Everything below from the line with "mustang horse names" through the line with "2016年寒潮|大帽山最低溫" should be copied exactly, and nothing else; leave out the pictures.

• [RECORD SET]
= Beginning of Section =
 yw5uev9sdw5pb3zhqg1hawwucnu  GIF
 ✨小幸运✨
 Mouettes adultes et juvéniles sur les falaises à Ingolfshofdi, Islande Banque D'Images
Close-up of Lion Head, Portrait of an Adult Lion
= End of Section =
= Beginning of Section =
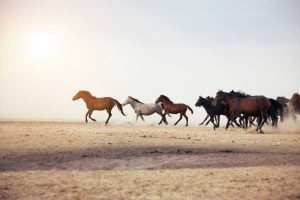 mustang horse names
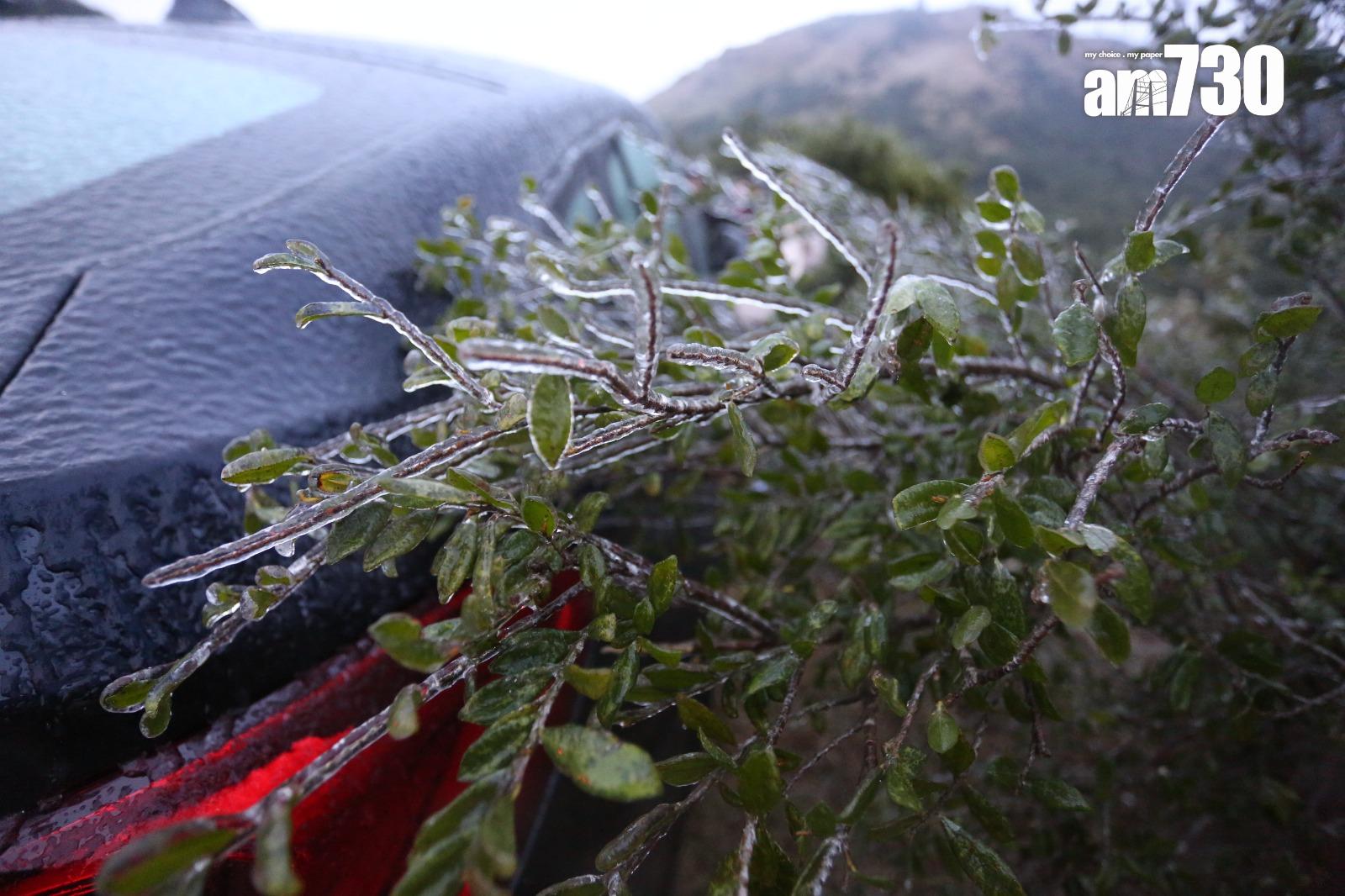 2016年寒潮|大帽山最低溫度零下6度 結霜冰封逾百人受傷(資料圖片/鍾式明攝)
= End of Section =
• [REPLY TO THE EXERCISE]
 mustang horse names
 2016年寒潮|大帽山最低溫度零下6度 結霜冰封逾百人受傷(資料圖片/鍾式明攝)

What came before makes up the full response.